Courts have frequently gone further in sustaining the interstate character of transportation than defendant asks of us here. We will notice a few of these decisions. In Railroad Commission of Ohio v. Worthington, supra, 225 U.S. 101, 108, 32 S. Ct. 653, 656, 56 L. Ed. 1004, 1008, coal was carried by rail from Ohio mines to lake ports in that state, there placed upon vessels and carried to upper lake ports outside the state. The carriage by rail was held to be interstate and not subject to rates fixed by the state railroad commission. The opinion says, "By every fair test the transportation of this coal from the mine to the upper lake ports is an interstate carriage, intended by the parties to be such * * *."
Texas N.O.R. Co. v. Sabine Tram Co., supra, 227 U.S. 111, 126, 33 S. Ct. 229, 234, 57 L. Ed. 442, 448, considers shipments of lumber from a mill in interior Texas over two railroads on local bills of lading to a point on the Gulf in the same state, destined for export to a foreign port, although the particular destination of any definite part of the lumber had not been fixed. The court holds the shipments by rail were interstate. The opinion states, "The determining circumstance is that the shipment of the lumber to Sabine was but a step in its transportation to its real and ultimate destination in foreign countries. In other words, the essential character of the commerce, not its mere accidents, should determine."
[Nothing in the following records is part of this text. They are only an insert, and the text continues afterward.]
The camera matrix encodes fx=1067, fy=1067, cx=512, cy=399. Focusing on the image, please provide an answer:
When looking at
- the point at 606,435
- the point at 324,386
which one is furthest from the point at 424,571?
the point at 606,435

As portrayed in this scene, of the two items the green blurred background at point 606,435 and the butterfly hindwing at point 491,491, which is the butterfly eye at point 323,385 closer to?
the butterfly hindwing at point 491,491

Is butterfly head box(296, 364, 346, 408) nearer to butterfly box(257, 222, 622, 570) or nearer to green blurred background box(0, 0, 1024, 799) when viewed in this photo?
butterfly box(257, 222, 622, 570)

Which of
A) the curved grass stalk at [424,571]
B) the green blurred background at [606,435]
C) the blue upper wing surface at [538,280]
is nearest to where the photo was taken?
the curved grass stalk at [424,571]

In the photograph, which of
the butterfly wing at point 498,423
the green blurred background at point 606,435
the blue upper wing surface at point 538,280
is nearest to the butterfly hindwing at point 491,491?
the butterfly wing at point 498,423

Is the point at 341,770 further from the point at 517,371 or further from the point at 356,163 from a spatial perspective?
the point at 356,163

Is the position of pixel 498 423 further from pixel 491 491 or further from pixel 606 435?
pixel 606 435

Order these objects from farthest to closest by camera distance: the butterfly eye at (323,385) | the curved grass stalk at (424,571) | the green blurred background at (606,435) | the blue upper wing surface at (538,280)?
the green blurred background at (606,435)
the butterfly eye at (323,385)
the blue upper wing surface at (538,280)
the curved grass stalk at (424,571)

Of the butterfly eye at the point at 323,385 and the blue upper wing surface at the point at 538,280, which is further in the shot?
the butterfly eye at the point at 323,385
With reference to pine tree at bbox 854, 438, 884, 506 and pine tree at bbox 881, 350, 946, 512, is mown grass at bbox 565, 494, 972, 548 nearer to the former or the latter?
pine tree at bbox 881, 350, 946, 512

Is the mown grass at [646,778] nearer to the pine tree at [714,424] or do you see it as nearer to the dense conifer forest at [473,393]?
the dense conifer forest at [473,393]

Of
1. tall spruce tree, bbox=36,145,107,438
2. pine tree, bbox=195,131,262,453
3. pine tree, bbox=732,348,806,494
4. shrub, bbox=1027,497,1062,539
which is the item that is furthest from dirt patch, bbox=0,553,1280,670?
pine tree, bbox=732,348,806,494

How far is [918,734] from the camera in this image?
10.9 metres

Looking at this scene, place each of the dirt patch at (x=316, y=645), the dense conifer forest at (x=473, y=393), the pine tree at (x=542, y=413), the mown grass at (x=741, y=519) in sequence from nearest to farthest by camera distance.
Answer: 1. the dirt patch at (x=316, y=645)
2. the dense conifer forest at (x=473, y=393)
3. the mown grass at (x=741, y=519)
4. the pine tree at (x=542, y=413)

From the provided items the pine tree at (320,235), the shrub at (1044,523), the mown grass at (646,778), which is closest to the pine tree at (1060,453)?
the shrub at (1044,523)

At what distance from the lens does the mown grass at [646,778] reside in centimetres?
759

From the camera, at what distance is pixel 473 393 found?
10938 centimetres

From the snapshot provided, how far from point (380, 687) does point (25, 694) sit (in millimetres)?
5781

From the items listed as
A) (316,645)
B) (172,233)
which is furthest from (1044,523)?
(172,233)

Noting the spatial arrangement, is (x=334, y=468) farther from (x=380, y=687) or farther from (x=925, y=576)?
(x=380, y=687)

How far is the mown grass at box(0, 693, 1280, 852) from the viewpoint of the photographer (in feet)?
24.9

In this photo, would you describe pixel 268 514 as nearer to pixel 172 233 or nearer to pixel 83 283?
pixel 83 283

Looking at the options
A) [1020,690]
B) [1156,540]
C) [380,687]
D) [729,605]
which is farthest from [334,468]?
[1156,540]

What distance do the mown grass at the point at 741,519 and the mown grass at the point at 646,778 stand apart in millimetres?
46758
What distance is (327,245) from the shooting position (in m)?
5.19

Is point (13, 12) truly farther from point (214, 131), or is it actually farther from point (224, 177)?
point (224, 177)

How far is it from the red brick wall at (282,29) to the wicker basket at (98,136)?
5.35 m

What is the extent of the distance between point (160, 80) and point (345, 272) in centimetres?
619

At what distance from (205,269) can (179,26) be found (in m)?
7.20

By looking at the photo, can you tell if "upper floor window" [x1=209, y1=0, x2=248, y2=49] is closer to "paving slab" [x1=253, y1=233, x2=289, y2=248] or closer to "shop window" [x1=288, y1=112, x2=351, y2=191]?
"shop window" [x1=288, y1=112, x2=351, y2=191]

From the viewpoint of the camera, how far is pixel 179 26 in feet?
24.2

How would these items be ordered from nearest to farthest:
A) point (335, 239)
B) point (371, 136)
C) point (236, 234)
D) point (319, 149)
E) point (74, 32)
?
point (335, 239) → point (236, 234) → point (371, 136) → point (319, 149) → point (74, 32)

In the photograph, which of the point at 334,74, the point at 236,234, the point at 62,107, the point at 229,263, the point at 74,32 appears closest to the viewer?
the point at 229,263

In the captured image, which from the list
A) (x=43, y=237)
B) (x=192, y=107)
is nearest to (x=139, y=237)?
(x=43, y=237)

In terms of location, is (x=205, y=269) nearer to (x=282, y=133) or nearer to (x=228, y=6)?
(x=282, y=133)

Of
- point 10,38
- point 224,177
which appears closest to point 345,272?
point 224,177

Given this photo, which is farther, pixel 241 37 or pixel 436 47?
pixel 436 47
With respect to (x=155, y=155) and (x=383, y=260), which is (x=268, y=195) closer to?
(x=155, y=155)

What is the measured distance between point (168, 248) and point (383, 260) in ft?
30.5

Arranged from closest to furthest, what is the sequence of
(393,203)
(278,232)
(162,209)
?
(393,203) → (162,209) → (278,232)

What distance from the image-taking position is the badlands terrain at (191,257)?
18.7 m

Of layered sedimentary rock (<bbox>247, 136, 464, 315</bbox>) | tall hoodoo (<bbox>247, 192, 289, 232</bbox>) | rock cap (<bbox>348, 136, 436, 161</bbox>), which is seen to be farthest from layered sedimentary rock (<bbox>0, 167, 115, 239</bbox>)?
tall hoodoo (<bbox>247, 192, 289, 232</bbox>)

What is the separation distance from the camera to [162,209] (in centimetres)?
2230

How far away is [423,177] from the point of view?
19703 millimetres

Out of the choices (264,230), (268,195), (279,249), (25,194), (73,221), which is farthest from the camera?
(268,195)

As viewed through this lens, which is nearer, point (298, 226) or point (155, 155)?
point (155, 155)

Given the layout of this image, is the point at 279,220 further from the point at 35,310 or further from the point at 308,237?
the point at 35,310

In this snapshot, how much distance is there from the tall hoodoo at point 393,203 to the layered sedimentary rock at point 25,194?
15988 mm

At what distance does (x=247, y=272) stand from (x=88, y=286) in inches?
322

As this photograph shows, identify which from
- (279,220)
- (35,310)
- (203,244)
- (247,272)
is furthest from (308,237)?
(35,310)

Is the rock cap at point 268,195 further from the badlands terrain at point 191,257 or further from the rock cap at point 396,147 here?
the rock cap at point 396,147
In Western Oil Refining Co. v. Lipscomb, supra, 244 U.S. 346, 350, 37 S. Ct. 623, 625, 61 L. Ed. 1181, 1184, plaintiff had an oil refinery in Illinois and a barrel factory in Indiana. To fill orders for its products in Tennessee it shipped two cars to Columbia, Tennessee, where the orders from that place were filled and then the cars were rebilled to Mt. Pleasant, Tennessee, where the orders from there were filled. The entire movement from Illinois and Indiana to Mt. Pleasant, Tennessee, was held to be interstate. We quote from the opinion:
"Certainly the transportation of the merchandise destined to Mount Pleasant was not completed when it reached Columbia; nor was the continuity of its movement broken by its temporary stop at that place. As to that merchandise the journey to Columbia and the journey from there to Mount Pleasant were not independent, each of the other, but in fact and in legal contemplation were connected parts of a continuing interstate movement to the latter place."
In Hughes Bros. Timber Co. v. State of Minnesota, supra, 272 U.S. 469, 474, 475, 47 S. Ct. 170, 172, 71 L. Ed. 359, 361, 362, logs were floated down the Swamp River into the Pigeon River and delivered on board ships at the mouth of the Pigeon River. The court holds the entire movement was interstate in character. The opinion states:
"The change in the method of transportation by floating to carriage on a vessel did not affect the continuity of the interstate passage, if such a passage was intended by the parties and had begun * * *.
"The drive in the two rivers * * * was not gathering the logs for subsequent interstate shipment; it was the interstate movement itself. * * * The delays in the continuity of movement were only incidental to the journey * * *."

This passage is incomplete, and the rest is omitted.